THE RECORDS:
------
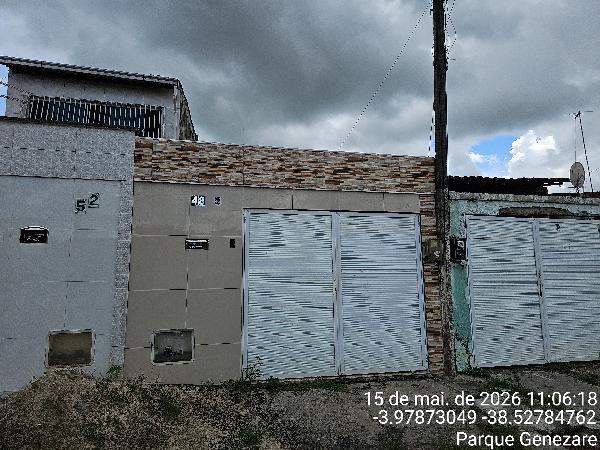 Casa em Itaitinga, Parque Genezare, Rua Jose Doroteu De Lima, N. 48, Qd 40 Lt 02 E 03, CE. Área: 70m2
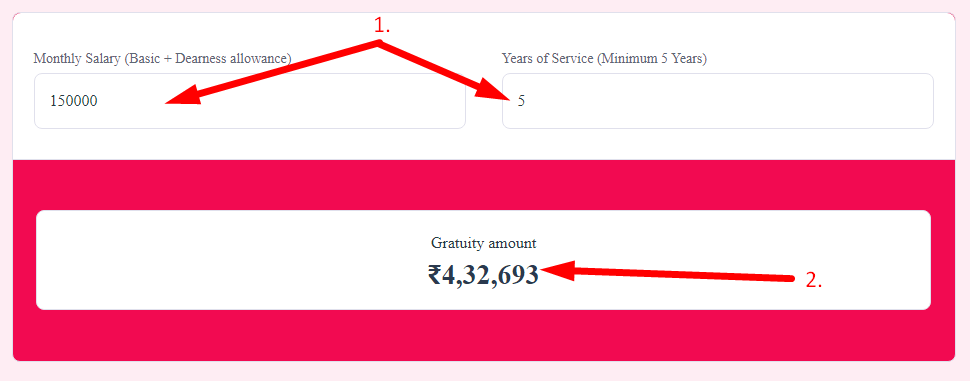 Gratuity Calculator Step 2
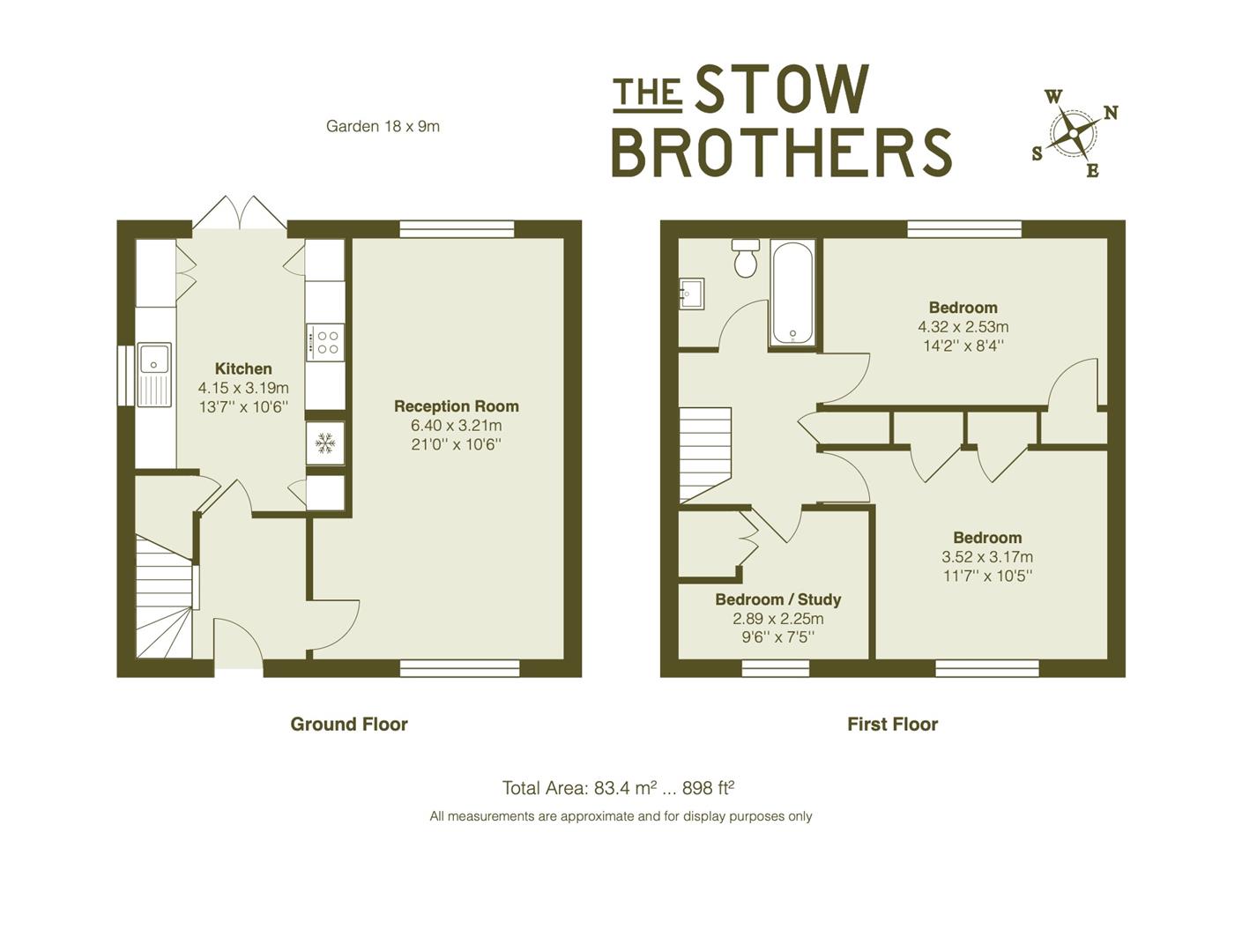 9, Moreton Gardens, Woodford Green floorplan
------
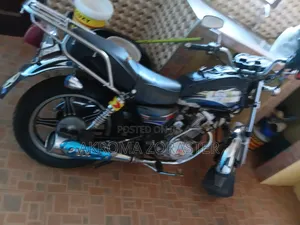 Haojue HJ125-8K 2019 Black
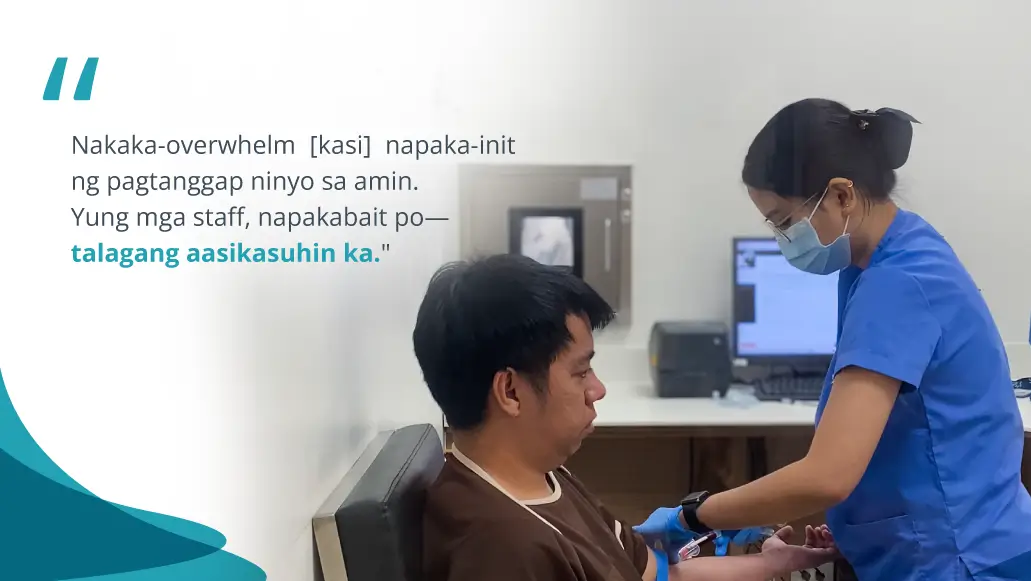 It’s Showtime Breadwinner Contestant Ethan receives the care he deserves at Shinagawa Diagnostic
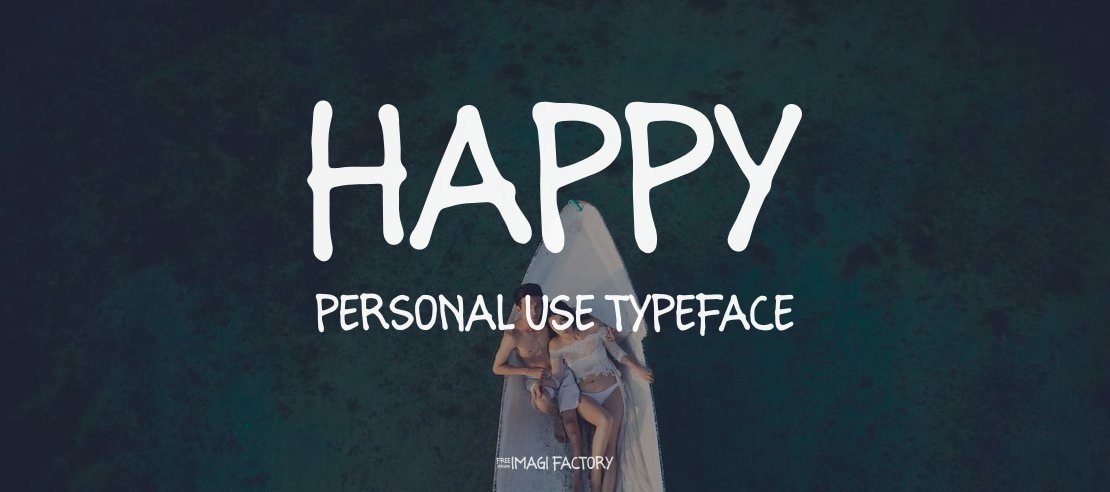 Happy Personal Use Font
------
THE PROBLEM:
Using the listing above, restate exactly the range between the lines holding "Casa em Itaitinga, Parque" and "9, Moreton Gardens, Woodford Green floorplan", inclusive, with pictures left out.

SOLUTION FOR THIS TASK:
 Casa em Itaitinga, Parque Genezare, Rua Jose Doroteu De Lima, N. 48, Qd 40 Lt 02 E 03, CE. Área: 70m2
 Gratuity Calculator Step 2
 9, Moreton Gardens, Woodford Green floorplan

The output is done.